Deze week is het de Stille Week (ook wel de Goede Week, Heilige Week of lijdensweek genoemd). Tijdens deze week – waarin de vastenperiode van 40 dagen wordt afgesloten – staan we stil bij Jezus’ lijden en sterven. Het zwaartepunt ligt daarbij op de laatste drie dagen:
- Witte Donderdag: de viering van het Laatste Avondmaal en de arrestatie van Jezus;
- Goede Vrijdag: de veroordeling, de kruisweg en het sterven van Jezus;
- Stille Zaterdag: Jezus ligt in het graf.
In deze blog wil ik in het bijzonder stilstaan bij Stille Zaterdag. Tijdens deze dag is het stil: Jezus ligt in het graf. Voor zijn volgelingen zal het een dag van wanhoop en desillusie zijn geweest. Alles waar zij op gehoopt hadden lag met Jezus begraven in het graf. Hoe moest het nu verder?
Als kerk van vandaag de dag kijken we er met de kennis van achteraf naar en vinden we het soms moeilijk om ons die wanhoop voor te stellen. Jezus is toch opgestaan, waarom zouden we dan stilstaan bij zijn lijden. Hoogstens misschien om te bedenken dat Hij die weg voor ons is gegaan.

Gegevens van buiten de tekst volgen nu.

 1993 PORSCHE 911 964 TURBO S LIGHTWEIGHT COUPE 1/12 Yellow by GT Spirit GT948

Toch worden traditioneel op Stille Zaterdag de klokken niet geluid, totdat ’s avonds (bij zonsondergang) de Paaswake wordt gevierd. En juist dat tekent volgens mij heel mooi de situatie waarin we nu leven: tussen hoop en vrees. Ja, we weten dat Jezus is opgestaan en dat de weg die Hij ging bepalend is voor het verdere verloop van het wereldgebeuren. Maar tot de volledige vervulling daarvan staat de wereld onder de spanning van het reeds/nog niet van Gods koninkrijk.

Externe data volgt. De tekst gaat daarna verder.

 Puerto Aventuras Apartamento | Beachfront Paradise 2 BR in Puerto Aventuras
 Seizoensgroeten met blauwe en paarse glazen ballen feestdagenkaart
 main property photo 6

En daarom is het zo waardevol om stil te staan bij Jezus’ lijden en sterven, omdat daarin zichtbaar wordt hoe dichtbij God komt in het lijden van de wereld. Hij is er zelf doorheen gegaan: ‘Hij werd veracht, door mensen gemeden, hij was een man die het lijden kende en met ziekte vertrouwd was.’ (Jesaja 53:3a) Daarmee nam Hij de zonde én het lijden van de wereld op zich. Als we als kerk alleen maar aandacht hebben voor het opstandingsleven, dan vergeten we dat we ook een taak hebben om mee te lijden met de schepping die zucht onder barensweeën (Romeinen 8:18-30).
Natuurlijk betekent dat niet dat we Pasen kunnen vergeten. Juist de opstanding geeft ons de hoop dat de zonde en het lijden niet het laatste woord hebben. We mogen uitzien naar de volledige verwerkelijking daarvan en proeven daar nu soms al wat van.

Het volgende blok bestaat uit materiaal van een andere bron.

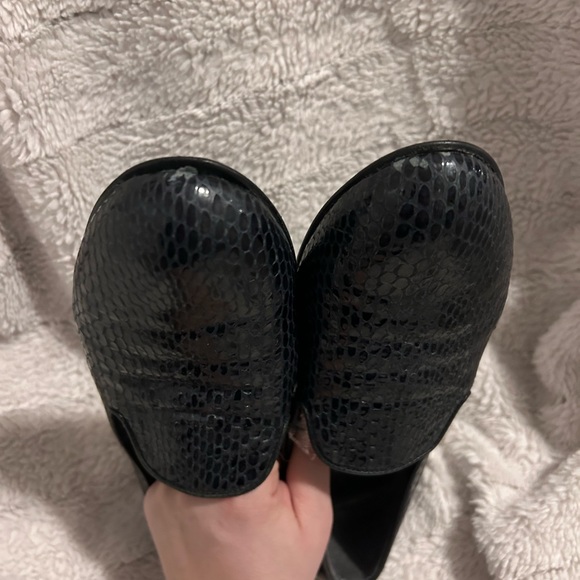 STUART WEITZMAN - Picture 4 of 14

De laatste jaren probeer ik in de 40 dagentijd te vasten en meer stil te staan bij het lijden en sterven van Jezus. Dat gaat met vallen en opstaan, maar ik heb wel gemerkt dat het vieren van Pasen intenser is als je daarvoor heb geproefd van het ‘nog niet’. Daarom wil ik op Stille Zaterdag stil zijn en proeven van de hoop én de wanhoop, wetende dat het de stilte voor de storm is. De storm van vreugde, omdat God de wereld liefheeft en daarvoor zijn eniggeboren Zoon heeft gegeven (Johannes 3:16).